Preliminary and preparatory discussions on a framework for the Union - United Kingdom future relationship
The European Council welcomes and shares the United Kingdom’s desire to establish a close partnership between the Union and the United Kingdom after its departure. While a relationship between the Union and a non Member State cannot offer the same benefits as Union membership, strong and constructive ties will remain in both sides’ interest and should encompass more than just trade.
The British government has indicated that it will not seek to remain in the single market, but would like to pursue an ambitious free trade agreement with the European Union. Based on the Union’s interests, the European Council stands ready to initiate work towards such an agreement, to be finalised and concluded once the United Kingdom is no longer a Member State.
Any free trade agreement should be balanced, ambitious and wide-ranging.

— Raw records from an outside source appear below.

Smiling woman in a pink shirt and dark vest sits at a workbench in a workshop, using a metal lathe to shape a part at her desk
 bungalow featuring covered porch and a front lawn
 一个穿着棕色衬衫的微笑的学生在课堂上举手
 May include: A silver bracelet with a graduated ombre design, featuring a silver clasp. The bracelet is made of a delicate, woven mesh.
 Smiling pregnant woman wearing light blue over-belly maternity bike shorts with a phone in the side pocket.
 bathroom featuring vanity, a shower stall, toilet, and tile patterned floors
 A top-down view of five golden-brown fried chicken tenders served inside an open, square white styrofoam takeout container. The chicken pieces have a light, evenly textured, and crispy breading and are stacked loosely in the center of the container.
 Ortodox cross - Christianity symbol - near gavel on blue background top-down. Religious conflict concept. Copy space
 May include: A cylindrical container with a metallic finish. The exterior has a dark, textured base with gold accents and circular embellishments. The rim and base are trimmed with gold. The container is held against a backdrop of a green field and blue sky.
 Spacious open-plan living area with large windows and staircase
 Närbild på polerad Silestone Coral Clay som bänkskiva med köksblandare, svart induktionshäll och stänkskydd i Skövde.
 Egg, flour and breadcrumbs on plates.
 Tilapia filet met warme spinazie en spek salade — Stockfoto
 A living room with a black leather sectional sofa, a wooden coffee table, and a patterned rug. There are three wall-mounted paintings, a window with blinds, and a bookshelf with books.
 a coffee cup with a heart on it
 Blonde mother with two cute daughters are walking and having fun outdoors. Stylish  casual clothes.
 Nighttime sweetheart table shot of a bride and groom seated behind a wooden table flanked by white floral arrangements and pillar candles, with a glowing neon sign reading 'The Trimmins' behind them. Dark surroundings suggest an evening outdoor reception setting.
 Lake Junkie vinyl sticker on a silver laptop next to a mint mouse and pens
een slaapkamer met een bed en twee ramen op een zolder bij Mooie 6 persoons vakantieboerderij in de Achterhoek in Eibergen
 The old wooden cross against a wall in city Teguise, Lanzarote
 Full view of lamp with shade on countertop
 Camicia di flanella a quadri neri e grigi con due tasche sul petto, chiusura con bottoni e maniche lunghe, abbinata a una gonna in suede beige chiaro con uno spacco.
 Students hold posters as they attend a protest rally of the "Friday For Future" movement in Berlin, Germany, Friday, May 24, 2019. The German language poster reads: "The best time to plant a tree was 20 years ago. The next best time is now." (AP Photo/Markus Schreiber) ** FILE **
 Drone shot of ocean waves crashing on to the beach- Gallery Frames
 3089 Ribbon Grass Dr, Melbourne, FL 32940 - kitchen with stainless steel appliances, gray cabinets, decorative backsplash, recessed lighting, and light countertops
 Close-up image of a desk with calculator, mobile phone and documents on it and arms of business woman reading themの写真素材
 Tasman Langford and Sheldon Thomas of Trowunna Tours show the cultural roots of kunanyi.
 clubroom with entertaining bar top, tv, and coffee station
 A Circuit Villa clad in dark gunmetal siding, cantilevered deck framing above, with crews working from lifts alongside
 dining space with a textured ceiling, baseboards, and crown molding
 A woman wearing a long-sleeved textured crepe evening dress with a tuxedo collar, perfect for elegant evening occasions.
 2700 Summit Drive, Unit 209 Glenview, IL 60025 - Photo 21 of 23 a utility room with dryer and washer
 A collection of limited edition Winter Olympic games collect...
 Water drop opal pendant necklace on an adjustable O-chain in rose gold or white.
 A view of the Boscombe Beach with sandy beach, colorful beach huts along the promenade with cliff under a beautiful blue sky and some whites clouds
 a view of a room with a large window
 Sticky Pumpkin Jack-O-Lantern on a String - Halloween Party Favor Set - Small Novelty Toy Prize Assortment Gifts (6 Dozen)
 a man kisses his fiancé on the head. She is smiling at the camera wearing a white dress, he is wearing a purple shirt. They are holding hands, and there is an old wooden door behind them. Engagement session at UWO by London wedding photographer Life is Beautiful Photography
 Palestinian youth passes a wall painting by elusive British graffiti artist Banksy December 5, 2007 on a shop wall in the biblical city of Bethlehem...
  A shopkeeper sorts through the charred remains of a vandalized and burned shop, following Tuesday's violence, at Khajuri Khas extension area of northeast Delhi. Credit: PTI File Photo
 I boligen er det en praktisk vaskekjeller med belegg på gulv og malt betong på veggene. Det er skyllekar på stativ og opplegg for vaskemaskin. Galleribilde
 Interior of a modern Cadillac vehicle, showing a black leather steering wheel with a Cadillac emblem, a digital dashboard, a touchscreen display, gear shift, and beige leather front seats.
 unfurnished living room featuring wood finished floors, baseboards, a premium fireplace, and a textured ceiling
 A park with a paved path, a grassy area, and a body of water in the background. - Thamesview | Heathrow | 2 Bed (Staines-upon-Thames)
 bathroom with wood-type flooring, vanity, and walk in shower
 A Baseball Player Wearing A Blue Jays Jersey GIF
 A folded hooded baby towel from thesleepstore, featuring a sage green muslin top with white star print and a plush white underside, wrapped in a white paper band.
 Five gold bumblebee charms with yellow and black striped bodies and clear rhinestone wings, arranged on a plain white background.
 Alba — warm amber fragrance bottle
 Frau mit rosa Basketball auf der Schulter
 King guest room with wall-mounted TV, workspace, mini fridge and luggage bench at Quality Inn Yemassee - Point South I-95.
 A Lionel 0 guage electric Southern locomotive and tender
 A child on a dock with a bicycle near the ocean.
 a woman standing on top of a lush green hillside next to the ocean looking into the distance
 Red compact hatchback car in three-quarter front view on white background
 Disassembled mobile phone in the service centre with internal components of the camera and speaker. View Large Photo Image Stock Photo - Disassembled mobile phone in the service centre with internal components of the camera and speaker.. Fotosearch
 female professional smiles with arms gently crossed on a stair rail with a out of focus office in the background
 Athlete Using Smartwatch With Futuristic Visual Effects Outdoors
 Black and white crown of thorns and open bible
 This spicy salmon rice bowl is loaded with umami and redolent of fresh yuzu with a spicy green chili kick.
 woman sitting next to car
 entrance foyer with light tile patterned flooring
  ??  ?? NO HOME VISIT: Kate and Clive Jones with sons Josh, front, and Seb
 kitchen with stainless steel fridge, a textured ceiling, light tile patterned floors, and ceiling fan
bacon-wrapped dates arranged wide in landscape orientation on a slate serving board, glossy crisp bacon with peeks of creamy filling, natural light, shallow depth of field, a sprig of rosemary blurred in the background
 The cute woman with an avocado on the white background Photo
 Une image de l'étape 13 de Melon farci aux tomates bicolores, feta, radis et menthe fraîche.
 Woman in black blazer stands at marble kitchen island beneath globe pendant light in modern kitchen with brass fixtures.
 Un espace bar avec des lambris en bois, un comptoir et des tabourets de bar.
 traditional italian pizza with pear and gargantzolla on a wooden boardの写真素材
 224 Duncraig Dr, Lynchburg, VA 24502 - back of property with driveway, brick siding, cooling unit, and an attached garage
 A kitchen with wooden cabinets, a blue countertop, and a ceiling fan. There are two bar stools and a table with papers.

It cannot, however, amount to participation in the Single Market or parts thereof, as this would undermine its integrity and proper functioning. It must ensure a level playing field in terms of competition and state aid, and must encompass safeguards against unfair competitive advantages through, inter alia, fiscal, social and environmental dumping.
Beyond trade, the EU stands ready to consider establishing a partnership in other areas, in particular the fight against terrorism and international crime as well as security and defence.
The future partnership must include appropriate enforcement and dispute settlement mechanisms that do not affect the Union’s autonomy, in particular its decision-making procedures.
After the United Kingdom leaves the Union, no agreement between the EU and the United Kingdom may apply to the territory of Gibraltar without the agreement between the Kingdom of Spain and the United Kingdom.
Principle of sincere cooperation
Until it leaves the Union, the United Kingdom remains a full Member of the European Union, subject to all rights and obligations set out in the Treaties and under EU law, including the principle of sincere cooperation.
The European Council recognises the need, in the international context, to take into account the specificities of the United Kingdom as a withdrawing Member State, provided it remains loyal to the Union’s interests while still a Member. Similarly the Union expects the United Kingdom to recognise the need of the 27 Member States to meet and discuss matters related to the situation after the withdrawal of the United Kingdom.
While the United Kingdom is still a member, all ongoing EU business must continue to proceed as smoothly as possible at 28. The European Council remains committed to drive forward with ambition the priorities the Union has set itself. Negotiations with the United Kingdom will be kept separate from ongoing Union business, and shall not interfere with its progress.
Procedural arrangements for negotiations under Article 50
The European Council endorses the arrangements set out in the statement of 27 Heads of State or Government on 15 December 2016.